___ Data excerpt ___
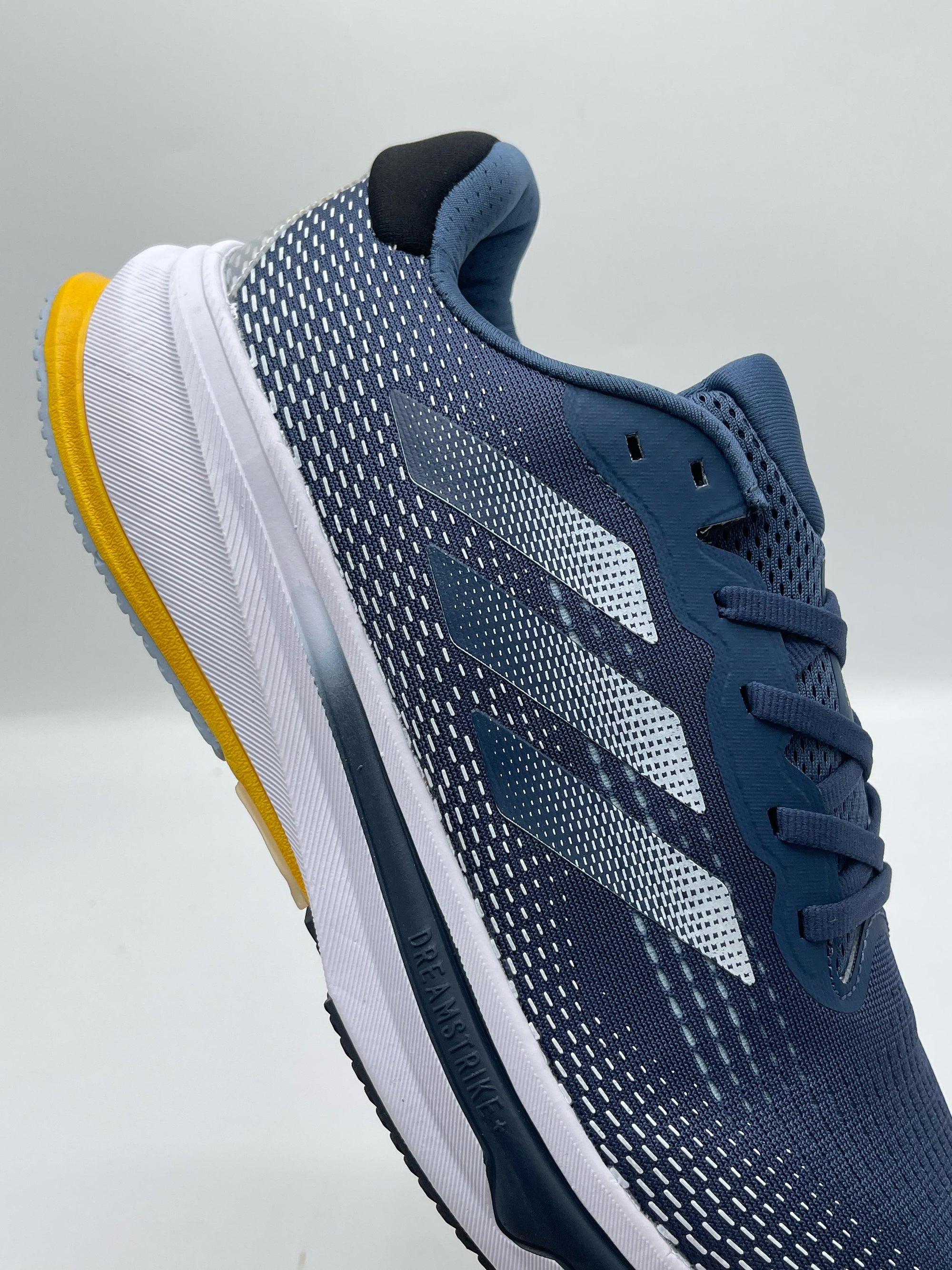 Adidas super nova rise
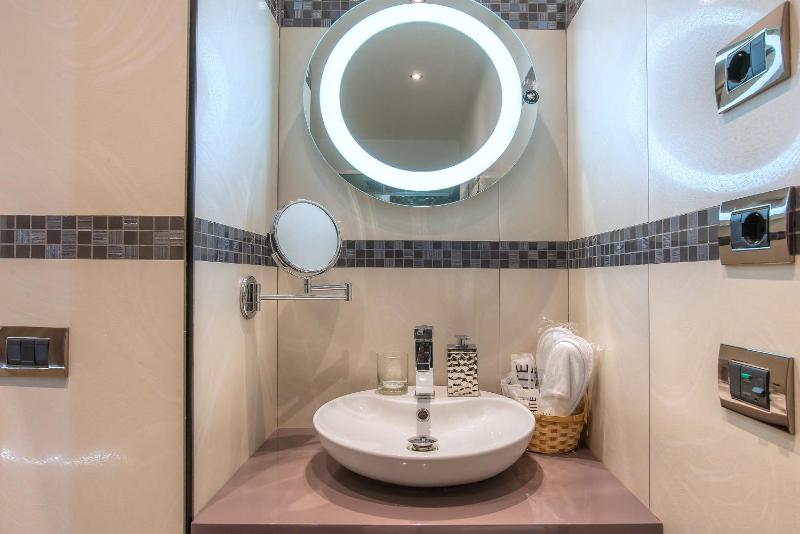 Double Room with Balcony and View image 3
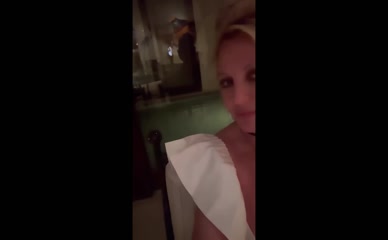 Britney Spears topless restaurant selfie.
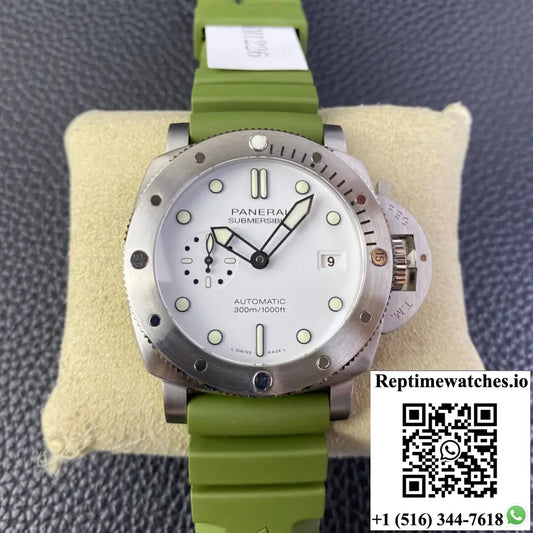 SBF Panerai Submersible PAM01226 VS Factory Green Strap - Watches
___
### What you will do
Go through the listing above and retype it exactly, skipping every picture.

### Completed exercise
 Adidas super nova rise
 Double Room with Balcony and View image 3
 Britney Spears topless restaurant selfie.
 SBF Panerai Submersible PAM01226 VS Factory Green Strap - Watches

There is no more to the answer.